Publié le 16 mai 2019 Mis à jour le 16 mai 2019

May 24th, 2019, 4:00 PM, room: NO906

Michel Habib (Université de Paris)


Computing the diameter of a graph (maximum number of edges on a shortest path) is a fundamental graph problem with countless applications in computer science and beyond. Unfortunately, the textbook algorithm for computing the diameter of an n-vertex m-edge graph takes O(nm)-time. This quadratic running-time is too prohibitive for large graphs with millions of nodes.


The radius and diameter of a graph are part of the basic global parameters that allow to apprehend the structure of a practical graph. More broadly, the eccentricity of each node, defined as the furthest distance from the node, is also of interest as a classical centrality measure. It is tightly related to radius which is the minimum eccentricity and to diameter which is the maximum eccentricity.

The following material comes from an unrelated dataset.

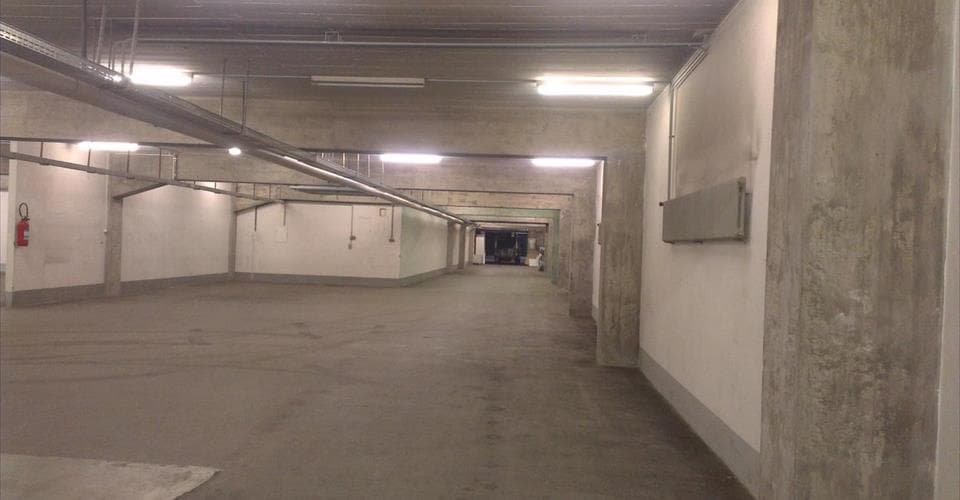 Gewerbe an Tunnels 3, 2000 Neuenburg – Bild 2 von 6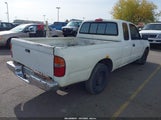 Toyota Tacoma Base V6 4TAVN52N3VZ273168 fotografie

On the one hand, efficient computation of such parameters is still theoretically challenging as truly sub-quadratic algorithms would improve the state of the art for other ``hard in P'' related problems such as finding two orthogonal vectors in a set of vectors or testing if one set in a collection is a hitting set for another collection. A sub-quadratic diameter algorithm would also refute the strong exponential time hypothesis (SETH) and would improve the state of the art of SAT solvers. I will explain the reduction between deciding if the diameter of a split graph is 2 or 3 and a subexponential algorithm for SAT. Then I will propose a kind of dichotomy result for split graphs trying to fix the boarder between linear and quadratic algorithms.

On the other hand, a line of practical algorithms has been proposed based on performing selected Breadth First Search traversals (BFS) allowing to compute the diameter of very large graphs. However, such practical efficiency is still not well understood. We propose a notion of certificate that helps to capture the efficiency of these practical algorithms.

I will finish with a survey of the practical algorithms that compute shortest paths in road networks and some open problems involving dynamic networks.


Michel Habib is professor emeritus in Computer Science at University Paris Diderot - Paris 7, UFR d’Informatique. He is a member of both the research group Algorithms and discrete structures and the INRIA Paris research team Gang. His research is mainly focused on classic algorithms on discrete structures with special interest for graphs and orders, including:

  • Well structured classes of graphs and orders
  • Graph decompositions with special interest to modular decomposition
  • Graph searching with special interest to LexBFS (Lexicographic Breadth First Search) and LexDFS (Lexicographic Depth First Search)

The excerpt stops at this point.